The U.S. Coast Guard cutter Dallas left Sevastopol Tuesday morning after anti-NATO protests in Ukraine's Crimean port. The Dallas, which recently delivered humanitarian aid to Georgia's Black Sea port of Batumi, docked on Monday at the Crimean port, where Russia has a naval base, at the invitation of Kiev. The ship's arrival was met by thousands of anti-NATO protesters chanting "Yankees go home!" and waving banners with the slogan "NATO Stop!" Police cordoned off the area around the ship. Ukrainian customs officers who boarded the ship and met the commander said they had been prepared to lay on buses for the U.S. crew to give them a tour of the city, but apart from a few officers, no one left the vessel. Tensions between Russia and the West have been exacerbated by the build up in the Black Sea of U.S. and NATO naval vessels delivering humanitarian aid to Georgia. In an apparent response, Russia sent a group of warships last week, including the Moskva missile cruiser, to Sukhumi, the capital of Abkhazia.

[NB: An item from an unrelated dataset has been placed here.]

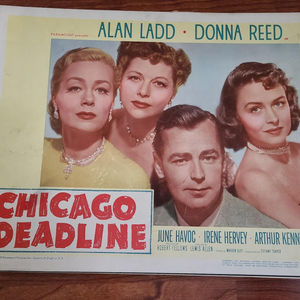 Chicago Deadline - General Lobby Cards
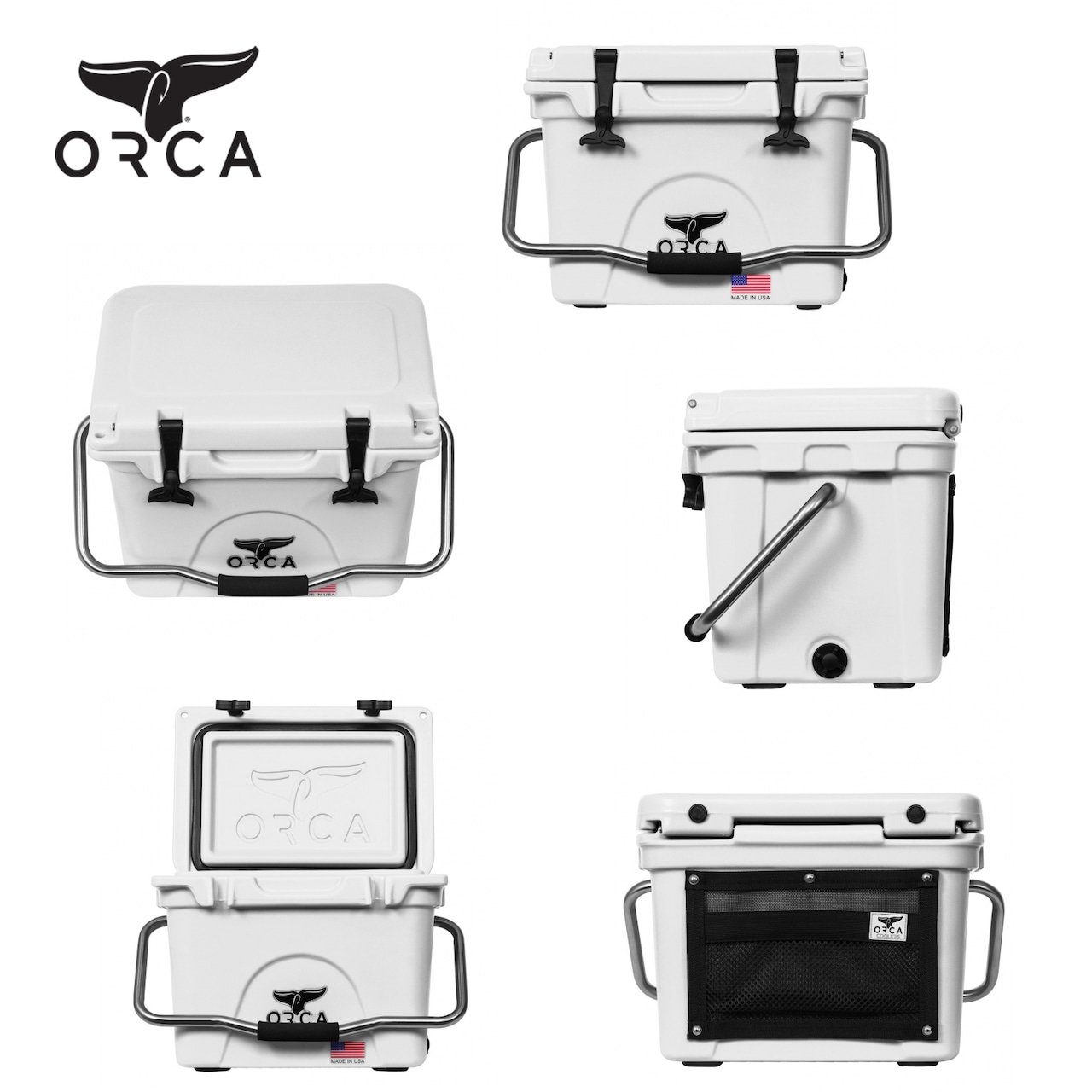ORCA Coolers 20 Quart オルカ クーラー ボックス キャンプ用品 アウトドア キャンプ グッズ 保冷 クッキング ドリンク オルカクーラーズジャパン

A Russian warship, the Smetlivy patroller, has meanwhile returned to Sevastopol after being involved in peacekeeping operations off the Abkhazian shore, a Russian Black Sea Fleet command source said. "Smetlivy returned to its base this morning. Everyone on board is safe and sound. A group of ships has remained near the Abkhazian shore to ensure the republic's maritime security," the source said. Most of Russia's naval group have returned to the Black Sea bases of Novorossiisk and Sevastopol. After a Russian ship patrolling Abkhazian waters sank a Georgian missile boat during armed conflict last month, Ukraine's Foreign Ministry said Russian warships involved in the operation near Georgia could be prohibited from returning to Sevastopol. Russia's Black Sea Fleet uses the Sevastopol base under agreements signed in 1997. Ukrainian pro-NATO President Victor Yushchenko announced earlier this year that Ukraine would not extend the lease beyond 2017. Yushchenko signed a decree last month requiring prior notice of all movements by Russian naval vessels and aircraft from the Sevastopol base in the Crimea. Russia views it as a provocation and is likely to resist any Ukrainian attempts to restrict the deployment of its navy.

Source: http://en.rian.ru/world/20080902/116477984.html


Moscow Mayor Yuriy Luzhkov: "If we lose Sevastopol, we'll lose the Caucasus"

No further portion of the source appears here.